## [Exercise inputs]
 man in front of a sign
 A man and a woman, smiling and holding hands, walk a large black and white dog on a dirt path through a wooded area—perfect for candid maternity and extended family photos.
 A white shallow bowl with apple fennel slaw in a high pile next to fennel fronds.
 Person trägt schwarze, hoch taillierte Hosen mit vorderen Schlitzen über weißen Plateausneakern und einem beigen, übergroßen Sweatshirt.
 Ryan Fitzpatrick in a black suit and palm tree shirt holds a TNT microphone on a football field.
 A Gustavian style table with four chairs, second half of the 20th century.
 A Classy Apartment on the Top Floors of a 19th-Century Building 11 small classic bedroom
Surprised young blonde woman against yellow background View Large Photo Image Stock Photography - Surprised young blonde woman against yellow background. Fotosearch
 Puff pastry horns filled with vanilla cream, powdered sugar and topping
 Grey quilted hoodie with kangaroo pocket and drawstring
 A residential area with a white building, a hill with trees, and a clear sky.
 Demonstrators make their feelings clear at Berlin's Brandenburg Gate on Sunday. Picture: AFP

## [Task objective]
Every line with the word "woman" in it should be copied from the listing above.

## [Response to this task]
 A man and a woman, smiling and holding hands, walk a large black and white dog on a dirt path through a wooded area—perfect for candid maternity and extended family photos.
Surprised young blonde woman against yellow background View Large Photo Image Stock Photography - Surprised young blonde woman against yellow background. Fotosearch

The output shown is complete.